Henning compared the current allegations over mortgage originations and securitizations with cases stemming from the savings-and-loan scandals, where the evidence showed that that top bankers knew appraisals had been inflated and assets had been double-counted.
For the most part, the more recent cast of top bankers seem to have had “layers of protection” between them and the brokers selling the loans so as to prevent a “clear pattern of fraud” from becoming evident beyond a reasonable doubt, Henning said.
Being able to rely on accountants and lawyers, as Lehman did in its “Repo 105 transactions,” can make the actions of top executives seem “not right but not clearly wrong,” Henning said.
Not all former prosecutors are as sanguine about the lack of crisis-related cases.
“Insider-trading prosecutions give the Department of Justice cheap headlines that are easy wins but are a distraction of resources and divert the attention of the populace,” Solomon Wisenberg, a partner at the law firm Barnes & Thornburg, told Accelus.

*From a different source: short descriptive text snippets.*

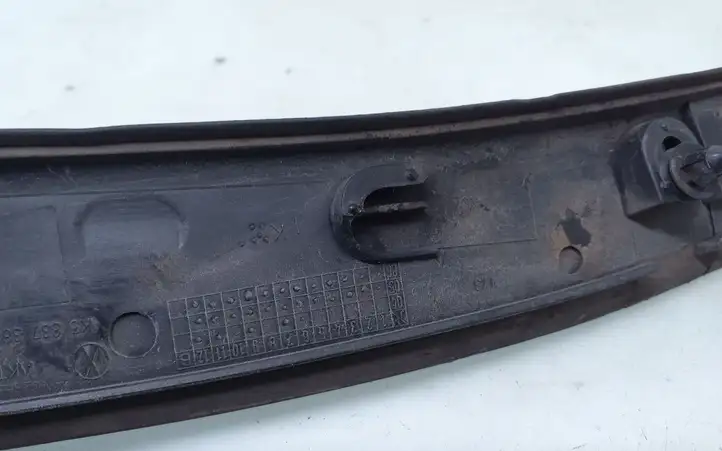 Volkswagen Golf V (2003 - 2009) 1K5837381D Прочая отделка передней двери — фото 4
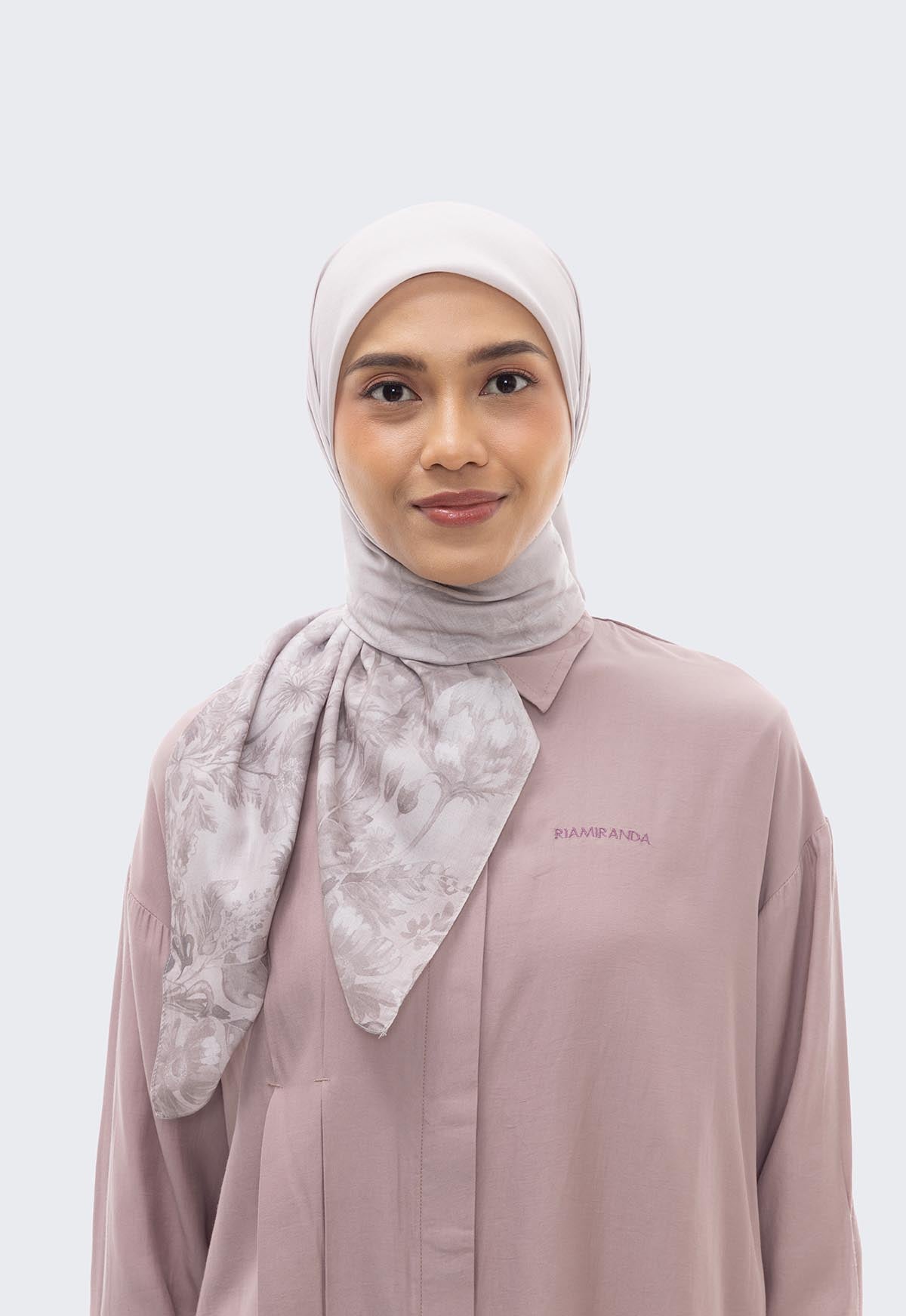DYANDRA SCARF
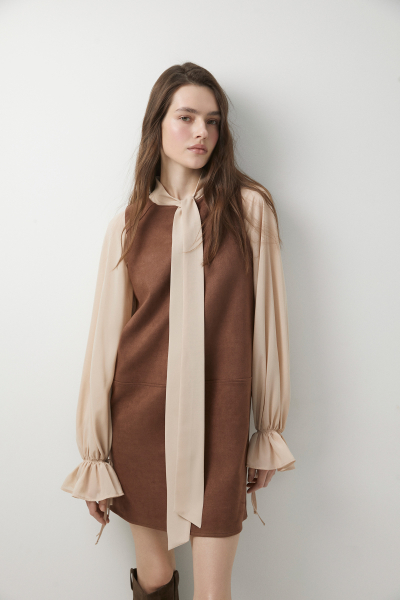 Платье мини прямое из замши Charmstore, цвет: коричневый, 111-29568-550 купить онлайн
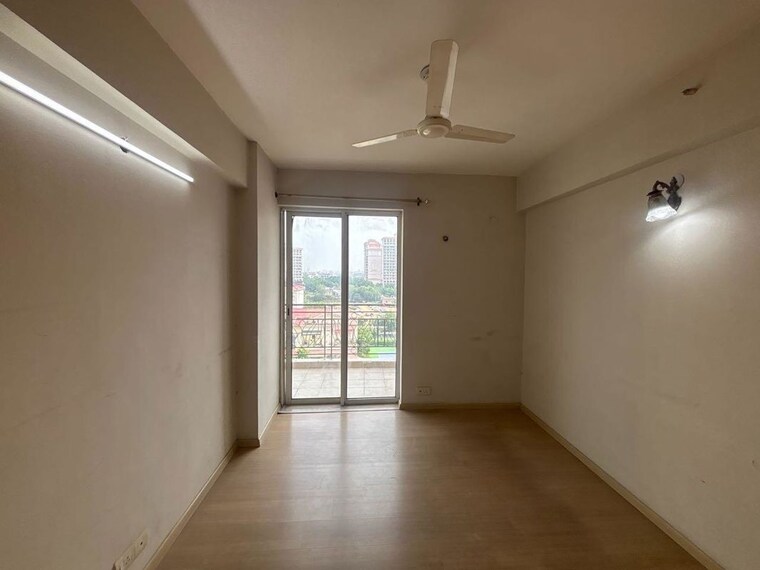 Room, sector 22 3 Bedroom 1600 Sq.Ft. Builder Floor In Sector 22 Gurgaon 10707024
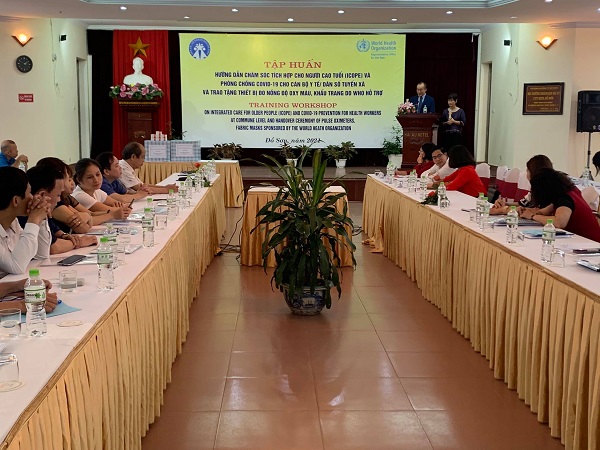 Quang cảnh buổi tập huấn. Quang cảnh buổi tập huấn.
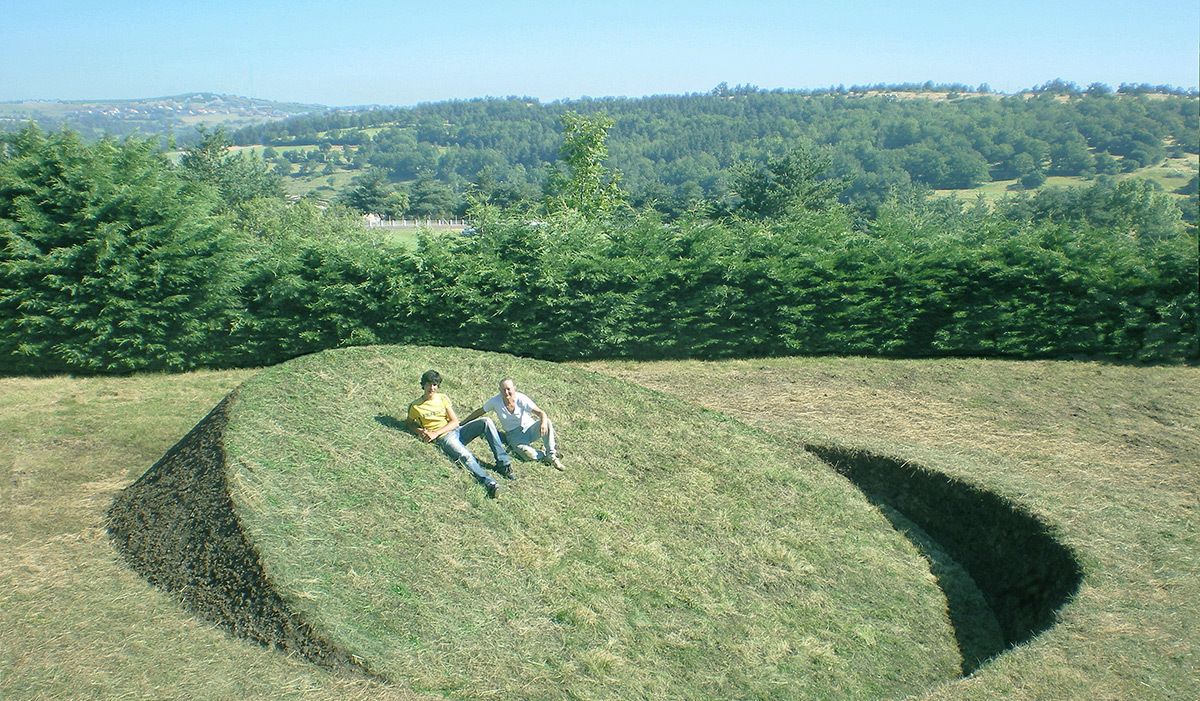 艺术家的脑洞:用一个土堆完美演绎"世间平衡"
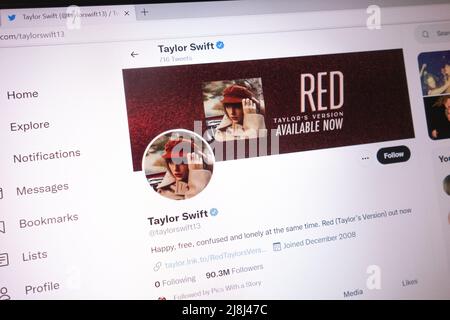 KONSKIE, POLONIA - 14 maggio 2022: Account Twitter ufficiale Taylor Swift visualizzato sullo schermo del laptop Foto Stock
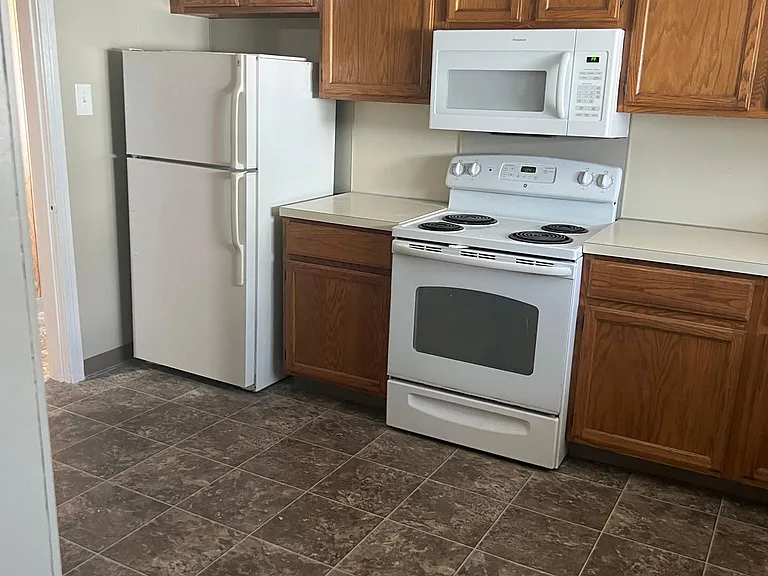 1568 Lincoln Ave #2 — Photo 10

For the most part decisions to bring – or not bring – crisis-related cases are made at the Justice Department, Wisenberg noted, saying, “In fairness to Preet Bharara, [Manhattan] does not have a significant history of prosecuting institutional bank fraud.”
Wisenberg related anecdotal evidence of red flags not being pursued by the Justice Department, but acknowledged that there may be weaknesses that warrant dropping an investigation and that were not present in the savings-and-loan frauds he successfully prosecuted at the Justice Department.
However, insider trading cases may yet affect institutional banking conduct, Wisenberg said.
“There has been a culture of lawlessness on Wall Street in the last ten to 15 years. A good effect [of the Gupta verdict] may be to stop some of it, to show fraudsters we’re not going to let them do this with impunity. There was a real danger of reaching a tipping point,” said Wisenberg.
Whatever the challenges in prosecuting criminal activity in originating and securitizing risky mortgages and securities, the Justice Department should pursue them, Wisenberg said.
“The dereliction of duty was comparable to the S&L frauds. The conduct was absolutely appalling,” Wisenberg said.